Еренак осознавал угрозу, возникающую вслед за строительством русских острогов и «острогу де в своей земле ставить» не давал. Российским властям он заявлял: «если де на Абакане реке острог русские люди ставить будут и они де хотя до последнего малого ребенка погибнут, а за то место стоять будут». В 1675 г. красноярские казаки попытались построить острог посередине Кыргызской земли на Тагарском острове, напротив устья р. Абакан. Еренак сразу же осадил его и постройка была сожжена. Затем ответным действием Еренак в 1679 г. захватил и сжег Ачинский острог. В качестве военных трофеев он захватил российское знамя и пушки.

При оценке политической деятельности Еренака историки резко расходятся в своих мнениях. Л.П.Потапов и В.А.Александров считают, что «Еренак был наиболее ярким выразителем разбойничьей идеологии и практики степняка-феодала, стремившегося к монопольному и безраздельному господству над кыштымами, отдававшего свою выдающуюся энергию на организацию грабительских походов». На наш взгляд, данный политический портрет Еренака не заслуживает подобной негативной оценки.

Необходимо признать, что со стороны Еренака велась осво бодительная борьба. Например, в своем послании русскому царю в 1682 г. он объяснял, что «война де учинилась не от кыргыз, приходил де в их землю воевода с ратными людьми войною и острог в их земле хотели ставить, а они де бились за свою землю».

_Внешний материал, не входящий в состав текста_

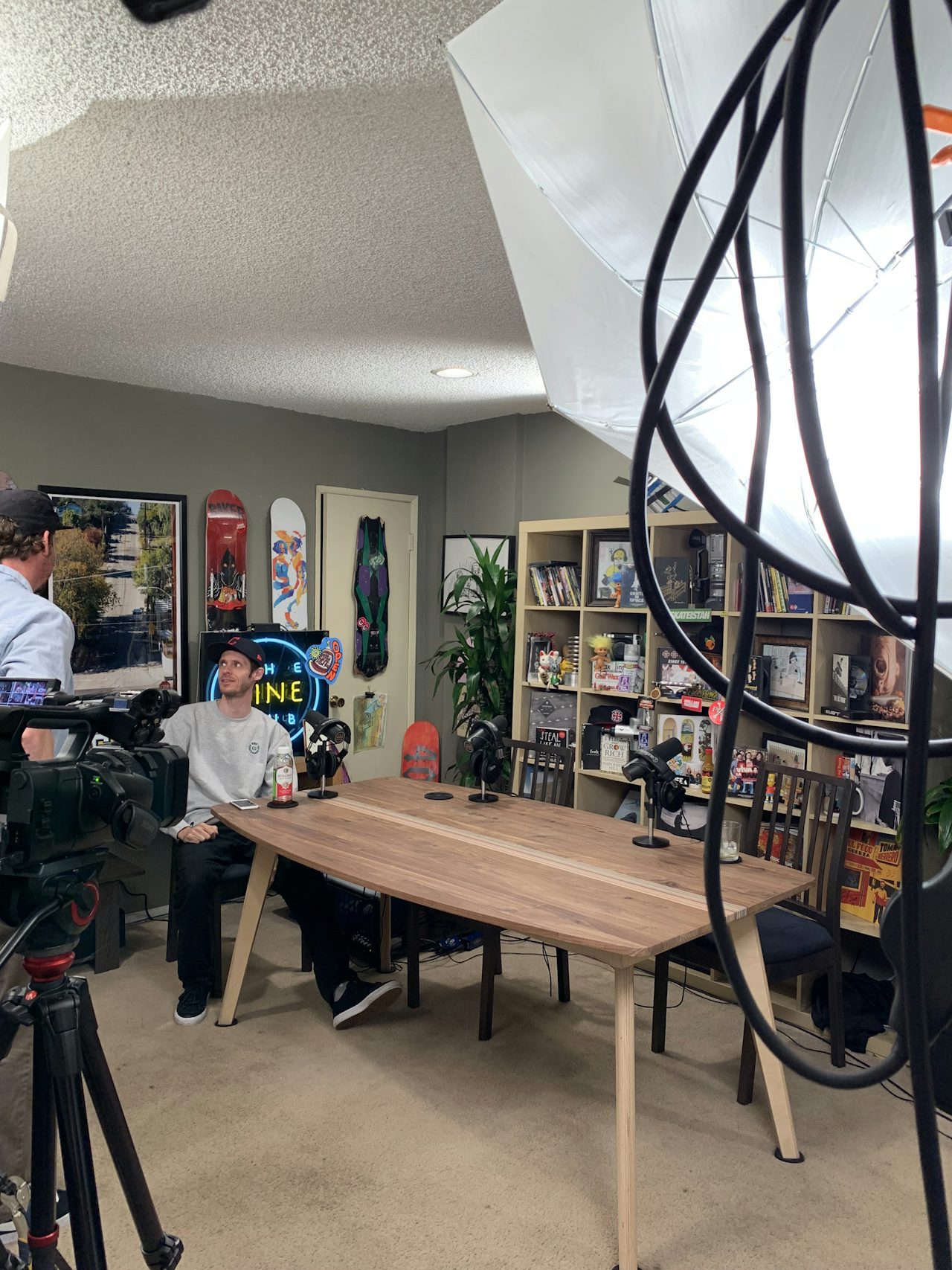 Bagley and Roberts on the set of The Nine Club.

Во второй половине XVII в. Цинская империя подчиняет себе монгольские ханства. В целях дальнейшего распространения господства в Центральной Азии Китай стравливает монголов с джунгарами. В 1687 г. во время войны с монголами (халхасцами) джунгарский контайша Галдан Бошохту-хан вызвал для подкрепления военные силы Хонгорая. Князь Еренак вместе со своими воинами прибыл на Алтай в верховья р.Чулышман, где и разыгрались трагические события.

Военные действия, которые остались еле заметными в истории Центральной Азии, подорвали военно-политические силы Хонгорая. В данном побоище «черных калмаков, и саянов, и кыргыз побито тысяч с пять, а мугал тысячи с две». На поле брани погибли сам Еренак, его младший сын Шап и два его пасынка. В 1688 г. кызыльский есаул Откула, вероятно побывавший в алтайском походе, доносил русским властям, что после боя с монголами в живых «назад пришли в Кыргызы небольшие люди человек с тридцать».

Еренак оставил самый заметный след в памяти хакасского народа, который в качестве имени с трепетом произносит его бывший титул «Оджен-бег», т.е. император. Он по праву считается национальным героем Хонгорая, где исторический период деяний великого сына хакасского народа выделяется в особую эпоху – время Оджен-бега (Цчең пиг тузы).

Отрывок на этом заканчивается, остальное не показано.